N° 143 - Printemps 2024

New York, la ville dans les nuages

Même si les plus grands gratte-ciel du monde ne se dressent plus à Manhattan, la ville reste la capitale historique des buildings. Depuis vingt ans, et malgré le traumatisme des attentats du 11 septembre, son parc immobilier ne cesse de prendre de la hauteur.

En 2001, les États-Unis comptaient 49% des immeubles les plus hauts du monde. Vingt ans plus tard, ce chiffre dégringolait à 15%, la majeure partie des gratte-ciel de plus de 300 mètres se construisant désormais en Asie et au Moyen-Orient.

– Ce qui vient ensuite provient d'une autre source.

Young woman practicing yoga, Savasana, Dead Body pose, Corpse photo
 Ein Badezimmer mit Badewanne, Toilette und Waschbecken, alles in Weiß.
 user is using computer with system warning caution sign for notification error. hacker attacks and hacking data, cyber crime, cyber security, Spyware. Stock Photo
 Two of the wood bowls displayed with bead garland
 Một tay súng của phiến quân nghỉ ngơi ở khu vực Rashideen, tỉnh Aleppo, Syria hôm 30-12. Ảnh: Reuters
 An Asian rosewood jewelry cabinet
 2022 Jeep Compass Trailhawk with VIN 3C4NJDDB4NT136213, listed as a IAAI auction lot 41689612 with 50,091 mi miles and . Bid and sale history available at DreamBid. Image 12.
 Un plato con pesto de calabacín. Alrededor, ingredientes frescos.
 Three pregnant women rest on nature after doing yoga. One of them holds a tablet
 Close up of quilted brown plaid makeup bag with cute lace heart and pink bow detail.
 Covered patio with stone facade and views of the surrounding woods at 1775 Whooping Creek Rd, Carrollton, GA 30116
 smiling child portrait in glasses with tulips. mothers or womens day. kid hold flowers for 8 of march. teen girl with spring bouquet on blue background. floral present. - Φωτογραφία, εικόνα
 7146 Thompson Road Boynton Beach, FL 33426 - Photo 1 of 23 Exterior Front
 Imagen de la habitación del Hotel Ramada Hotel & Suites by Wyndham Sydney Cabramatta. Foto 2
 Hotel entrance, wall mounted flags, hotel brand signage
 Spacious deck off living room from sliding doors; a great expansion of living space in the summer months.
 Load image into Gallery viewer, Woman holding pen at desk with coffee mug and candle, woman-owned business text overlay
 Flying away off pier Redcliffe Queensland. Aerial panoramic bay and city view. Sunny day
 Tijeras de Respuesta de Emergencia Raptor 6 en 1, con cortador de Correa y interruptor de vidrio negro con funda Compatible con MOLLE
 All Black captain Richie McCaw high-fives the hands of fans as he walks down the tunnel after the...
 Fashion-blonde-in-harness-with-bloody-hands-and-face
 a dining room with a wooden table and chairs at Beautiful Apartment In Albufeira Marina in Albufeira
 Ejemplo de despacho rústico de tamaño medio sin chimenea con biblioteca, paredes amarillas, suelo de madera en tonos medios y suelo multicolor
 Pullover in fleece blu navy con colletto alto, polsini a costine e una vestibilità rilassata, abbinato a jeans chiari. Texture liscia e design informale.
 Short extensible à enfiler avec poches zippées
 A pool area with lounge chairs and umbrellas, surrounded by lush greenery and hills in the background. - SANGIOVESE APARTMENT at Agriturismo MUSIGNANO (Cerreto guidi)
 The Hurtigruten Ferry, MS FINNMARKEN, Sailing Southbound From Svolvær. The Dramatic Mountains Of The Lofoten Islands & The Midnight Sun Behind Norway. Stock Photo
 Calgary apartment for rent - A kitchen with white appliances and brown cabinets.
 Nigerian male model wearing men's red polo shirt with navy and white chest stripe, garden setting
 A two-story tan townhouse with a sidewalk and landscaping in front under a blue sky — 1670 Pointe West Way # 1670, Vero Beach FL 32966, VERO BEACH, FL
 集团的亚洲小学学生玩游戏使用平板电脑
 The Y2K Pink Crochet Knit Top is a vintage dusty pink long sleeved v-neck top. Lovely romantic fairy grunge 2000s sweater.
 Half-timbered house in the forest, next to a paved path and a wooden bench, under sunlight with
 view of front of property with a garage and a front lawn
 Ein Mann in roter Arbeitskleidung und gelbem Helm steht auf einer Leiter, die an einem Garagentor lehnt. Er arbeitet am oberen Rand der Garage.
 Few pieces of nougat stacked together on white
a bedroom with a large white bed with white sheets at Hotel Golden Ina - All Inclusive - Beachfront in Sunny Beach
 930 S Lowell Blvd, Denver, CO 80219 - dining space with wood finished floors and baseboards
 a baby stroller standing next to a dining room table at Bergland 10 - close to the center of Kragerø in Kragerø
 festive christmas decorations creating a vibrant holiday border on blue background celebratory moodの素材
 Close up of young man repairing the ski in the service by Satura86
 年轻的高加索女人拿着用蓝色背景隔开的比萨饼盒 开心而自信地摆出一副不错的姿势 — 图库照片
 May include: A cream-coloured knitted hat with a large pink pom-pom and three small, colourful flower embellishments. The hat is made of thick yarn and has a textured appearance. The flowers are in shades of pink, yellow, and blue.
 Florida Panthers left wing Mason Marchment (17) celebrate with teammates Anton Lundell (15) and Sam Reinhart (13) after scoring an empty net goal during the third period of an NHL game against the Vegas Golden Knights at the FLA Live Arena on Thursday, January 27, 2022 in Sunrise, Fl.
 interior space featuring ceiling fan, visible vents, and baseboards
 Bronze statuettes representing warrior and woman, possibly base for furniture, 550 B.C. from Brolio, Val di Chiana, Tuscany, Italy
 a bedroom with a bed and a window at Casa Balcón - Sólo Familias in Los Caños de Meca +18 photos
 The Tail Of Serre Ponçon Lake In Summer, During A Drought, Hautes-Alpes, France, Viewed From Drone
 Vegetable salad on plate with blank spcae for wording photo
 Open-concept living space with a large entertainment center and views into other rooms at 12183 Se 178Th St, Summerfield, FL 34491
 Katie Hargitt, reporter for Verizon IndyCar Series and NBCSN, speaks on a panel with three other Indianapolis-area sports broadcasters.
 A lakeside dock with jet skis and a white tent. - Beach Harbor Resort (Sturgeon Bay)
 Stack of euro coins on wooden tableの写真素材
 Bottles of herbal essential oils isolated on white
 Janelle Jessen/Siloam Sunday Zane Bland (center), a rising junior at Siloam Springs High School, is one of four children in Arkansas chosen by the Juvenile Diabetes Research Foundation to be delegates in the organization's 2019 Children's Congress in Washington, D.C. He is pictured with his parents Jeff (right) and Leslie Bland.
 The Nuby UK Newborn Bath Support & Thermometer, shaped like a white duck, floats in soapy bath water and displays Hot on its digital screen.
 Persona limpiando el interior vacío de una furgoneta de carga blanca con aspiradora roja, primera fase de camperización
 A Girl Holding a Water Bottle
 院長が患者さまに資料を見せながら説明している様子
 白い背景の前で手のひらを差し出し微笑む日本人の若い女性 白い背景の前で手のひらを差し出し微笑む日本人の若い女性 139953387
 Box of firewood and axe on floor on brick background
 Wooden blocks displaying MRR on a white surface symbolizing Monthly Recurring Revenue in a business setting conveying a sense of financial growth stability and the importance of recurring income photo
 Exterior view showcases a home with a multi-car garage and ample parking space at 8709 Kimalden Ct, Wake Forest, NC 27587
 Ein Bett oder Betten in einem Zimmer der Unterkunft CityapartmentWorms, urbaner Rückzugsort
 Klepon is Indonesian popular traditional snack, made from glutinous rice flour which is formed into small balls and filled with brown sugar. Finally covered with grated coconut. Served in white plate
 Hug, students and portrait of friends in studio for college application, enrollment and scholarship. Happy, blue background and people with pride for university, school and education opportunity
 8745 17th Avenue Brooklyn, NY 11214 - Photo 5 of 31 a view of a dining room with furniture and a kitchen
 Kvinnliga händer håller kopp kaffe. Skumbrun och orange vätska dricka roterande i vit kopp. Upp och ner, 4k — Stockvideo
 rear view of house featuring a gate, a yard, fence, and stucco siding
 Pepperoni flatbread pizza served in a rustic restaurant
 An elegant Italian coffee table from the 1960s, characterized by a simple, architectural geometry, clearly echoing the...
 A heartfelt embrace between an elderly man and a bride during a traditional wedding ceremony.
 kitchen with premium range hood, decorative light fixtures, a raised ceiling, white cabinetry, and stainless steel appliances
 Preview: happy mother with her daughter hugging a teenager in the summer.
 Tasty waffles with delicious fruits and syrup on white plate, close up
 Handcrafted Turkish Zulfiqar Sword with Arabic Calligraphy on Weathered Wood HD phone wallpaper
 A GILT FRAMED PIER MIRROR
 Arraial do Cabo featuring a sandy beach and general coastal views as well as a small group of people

Oui, mais il y a New York, et surtout Manhattan, l’arrondissement qui monte. On ne va pas refaire l’histoire de cette île que le colon néerlandais Pierre Minuit acheta en 1626 aux Lenapes pour la somme de 60 florins en marchandises, soit un peu moins de 1000 dollars actuels. On peut cependant se poser la question de savoir pourquoi ce territoire a autant attiré les gratte-ciel dont le concept est pourtant né à 1000 kilomètres de là, à Chicago. Eh bien, parce que devenir au fil du temps la capitale économique d’un pays sur un périmètre aussi grand qu’un confetti nécessite forcément de regarder vers le haut.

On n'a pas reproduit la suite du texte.